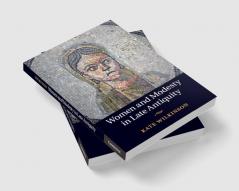 Women and Modesty in Late Antiquity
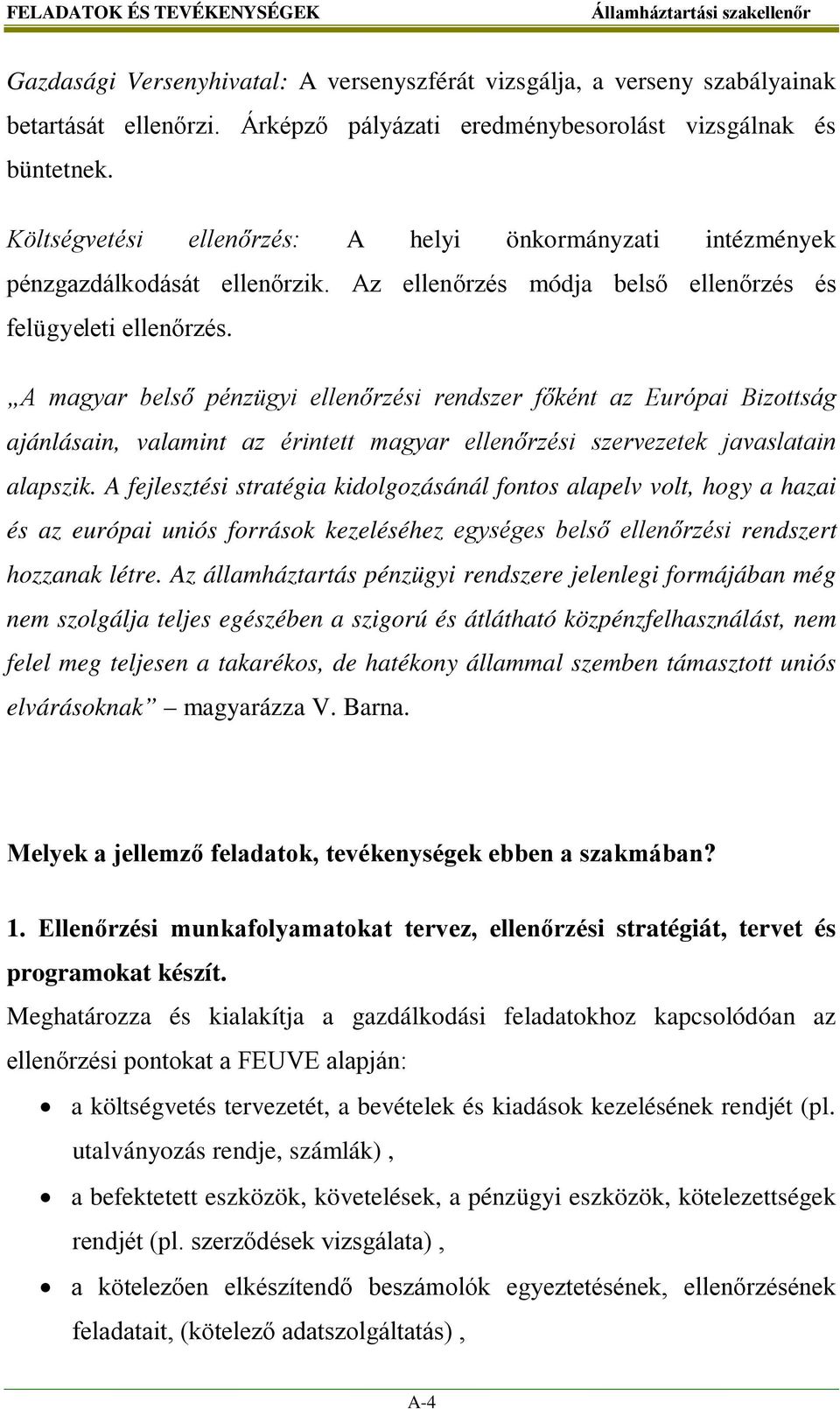 A magyar belső pénzügyi ellenőrzési rendszer főként az Európai Bizottság ajánlásain, valamint az érintett magyar ellenőrzési szervezetek javaslatain alapszik.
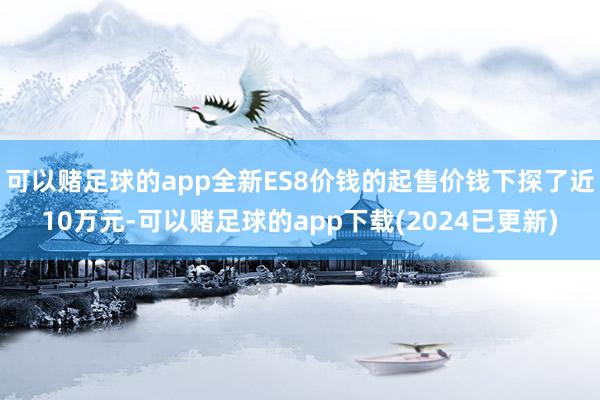 可以赌足球的app全新ES8价钱的起售价钱下探了近10万元-可以赌足球的app下载(2024已更新)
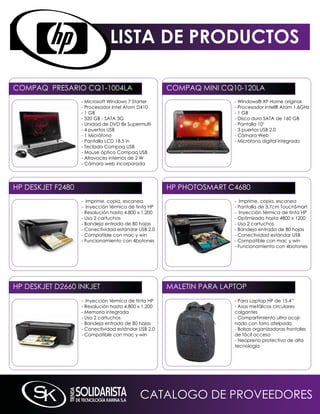 LISTA DE PRODUCTOS

COmPAq PRESARiO Cq1-1004LA                            COmPAq mini Cq10-120LA
                   - microsoft Windows 7 Starter                      - Windows® XP Home original
                   - Procesador intel Atom D410                       - Procesador intel® Atom 1.6GHz
                   - 1 GB                                             - 1 GB
                   - 320 GB - SATA 3G                                 - Disco duro SATA de 160 GB
                   - Unidad de DVD 8x Supermulti                      - Pantalla 10’
                   - 4 puertos USB                                    - 3 puertos USB 2.0
                   - 1 micrófono                                      - Cámara Web
                   - Pantalla LCD 18.5 in                             - micrófono digital integrado
                   - Teclado Compaq USB
                   - mouse óptico Compaq USB
                   - Altavoces internos de 2 W
                   - Cámara web incorporada




HP DESkJET F2480                                      HP PHOTOSmART C4680
                   - imprime, copia, escanea                          - imprime, copia, escanea
                   - inyección térmica de tinta HP                    - Pantalla de 3,7cm TouchSmart
                   - Resolución hasta 4.800 x 1.200                   - inyección térmica de tinta HP
                   - Usa 2 cartuchos                                  - Optimizada hasta 4800 x 1200
                   - Bandeja entrada de 80 hojas                      - Usa 2 cartuchos
                   - Conectividad estándar USB 2.0                    - Bandeja entrada de 80 hojas
                   - Compatible con mac y win                         - Conectividad estándar USB
                   - Funcionamiento con 4botones                      - Compatible con mac y win
                                                                      - Funcionamiento con 4botones




HP DESkJET D2660 inkJET                               mALETin PARA LAPTOP
                   - inyección térmica de tinta HP                    - Para Laptop HP de 15.4’’
                   - Resolución hasta 4.800 x 1.200                   - Asas metálicas circulares
                   - memoria integrada                                colgantes
                   - Usa 2 cartuchos                                  - Compartimiento ultra acoji-
                   - Bandeja entrada de 80 hojas                      nado con forro afelpado
                   - Conectividad estándar USB 2.0                    - Bolsas organizadoras frontales
                   - Compatible con mac y win                         de fácil acceso
                                                                      - neopreno protectivo de alta
                                                                      tecnología




                                            CATALOGO DE PROVEEDORES
 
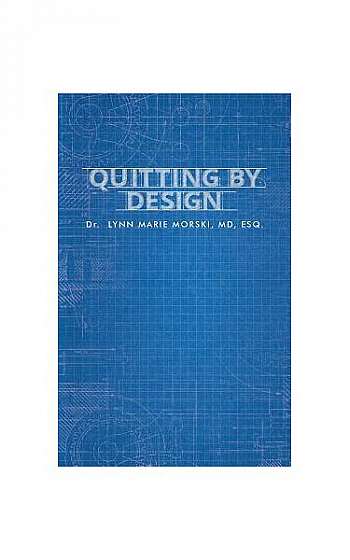 Quitting by Design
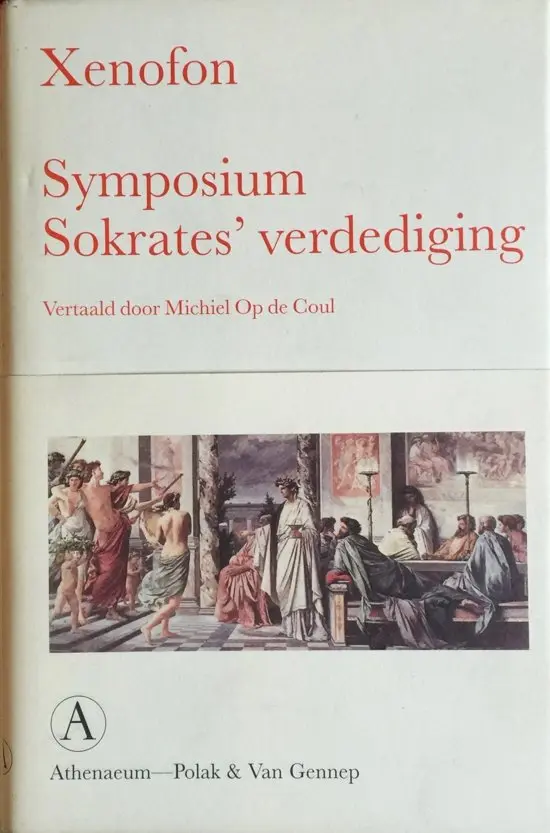 Symposium - Sokrates' verdediging - Xenofon (Atheniensis), [Vert.] Michiel Op de Coul 1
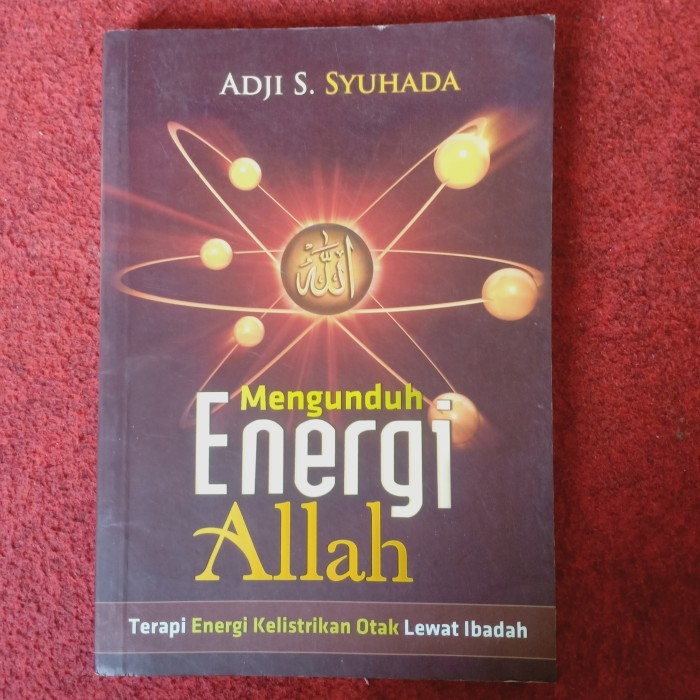MENGUNDUH ENERGI ALLAH - TERAPI ENERGI KELISTRIKAN OTAK LEWAT IBADAH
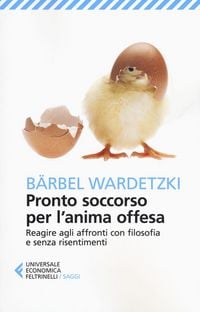 Produktbild: Pronto soccorso per l'anima offesa. Reagire agli affronti con filosofia e senza risentimenti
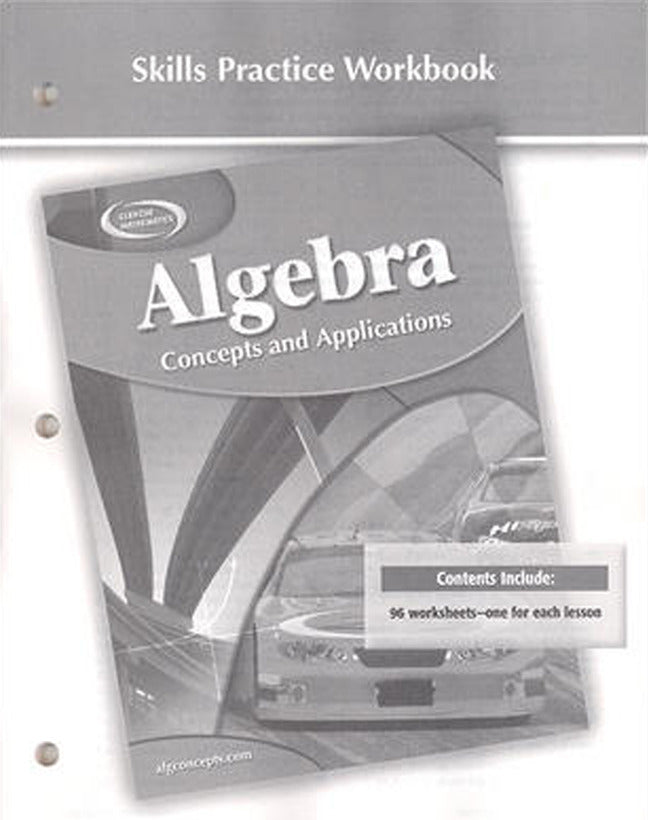 Algebra Concepts & Applications Skills Practice Workbook
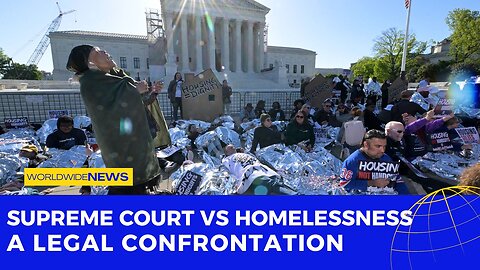 Supreme Court vs Homelessness: A Legal Confrontation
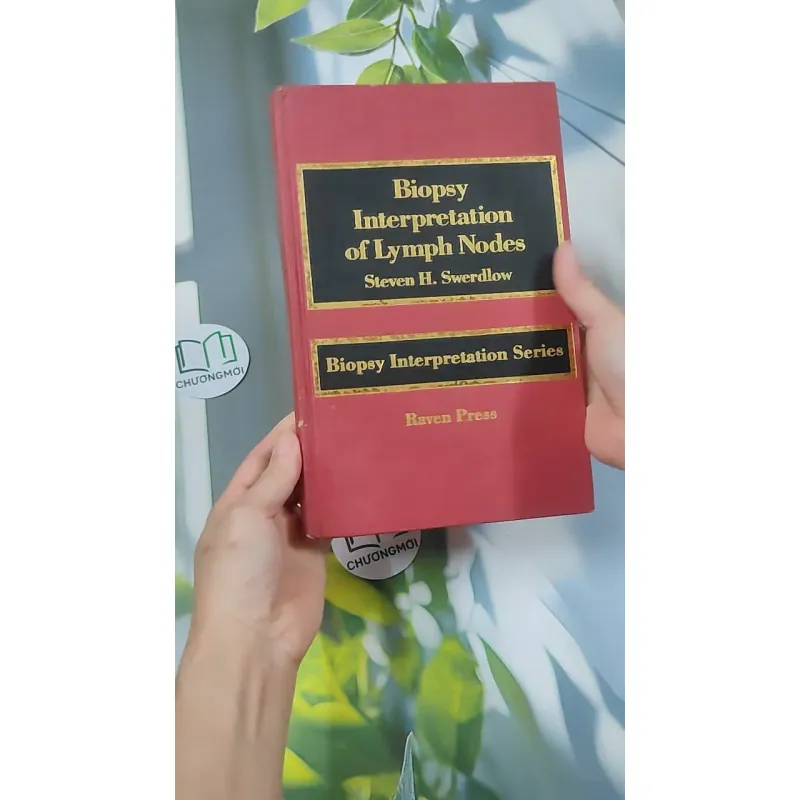[MIỄN PHÍ BỌC SÁCH] Biopsy Interpretation of Lymph Nodes - Steven H. Swerdlow 750751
##############################
◆ What to produce
Please retype the lines from the one that contains "MENGUNDUH ENERGI ALLAH" through the final line of the data, both included, without any pictures.

◆ Solution below
MENGUNDUH ENERGI ALLAH - TERAPI ENERGI KELISTRIKAN OTAK LEWAT IBADAH
 Produktbild: Pronto soccorso per l'anima offesa. Reagire agli affronti con filosofia e senza risentimenti
 Algebra Concepts & Applications Skills Practice Workbook
 Supreme Court vs Homelessness: A Legal Confrontation
[MIỄN PHÍ BỌC SÁCH] Biopsy Interpretation of Lymph Nodes - Steven H. Swerdlow 750751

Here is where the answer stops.